How a Bartender Camp up with the Idea of Making his own Lemonades
For 10 years I had been working in various cocktail bars, and the last one was a small gin bar. There were only four cocktails. Each one was made in about 200 variations. One of the cocktails was a gin and tonic. But there were always not enough tonics — two or three, and there were a lot of gins, so it was impossible to reach 200 variations.
Then in 2018, we decided to create our own tonic. I stayed after my shift to make these drinks. The first ones were in plastic bottles. We screwed the caps on ourselves, glued the labels on, and sold only at the bar.
Then I realized it was time to launch manufacturing. We prepared all the documents, certified the product, and switched to glass bottles. Then we parted ways with investors, and In 2019, my wife & I founded our own brand — Space.
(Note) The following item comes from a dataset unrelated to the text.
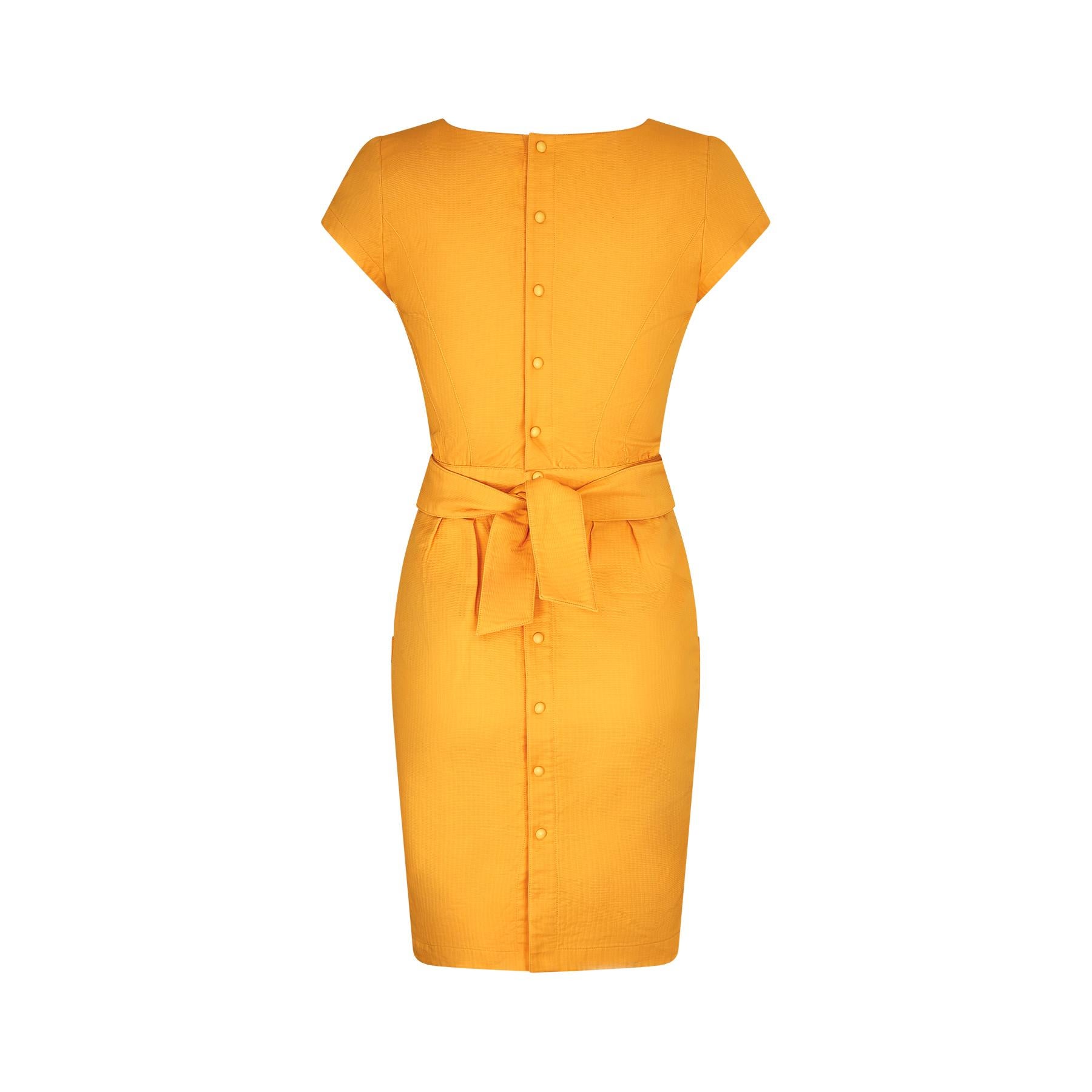 mugler yellow dress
We Invested 18 Times Less Money than we were Told
When I was just starting to get into business, I met a guy. He was a potential investor and a marketing director in a large company. He told me that the minimum entry threshold was 146–155 lakh rupees. We invested less than 800,000 rupees. Investors were not attracted.
We have several competitive advantages. Sometimes a cool illustration on the label is important, or you need to call and explain why our drink is better than another. Sometimes you can play on pricing, saying «You are now making a cocktail and it costs 129 rupees, but with our drink, it will cost 86 rupees — the margin will increase».
Why Such Peculiar Flavours
One of our strongest competitive advantages is that we can make a lot of interesting flavours for specific tasks. So far we have certified 47 different flavours. We can’t fit them all into one product line, so we sell lemonades under different brands.
For example, for the restaurant chain Syrovarnya (which can be translated as «Cheese Dairy»), we made a complex flavour «cheese with melon».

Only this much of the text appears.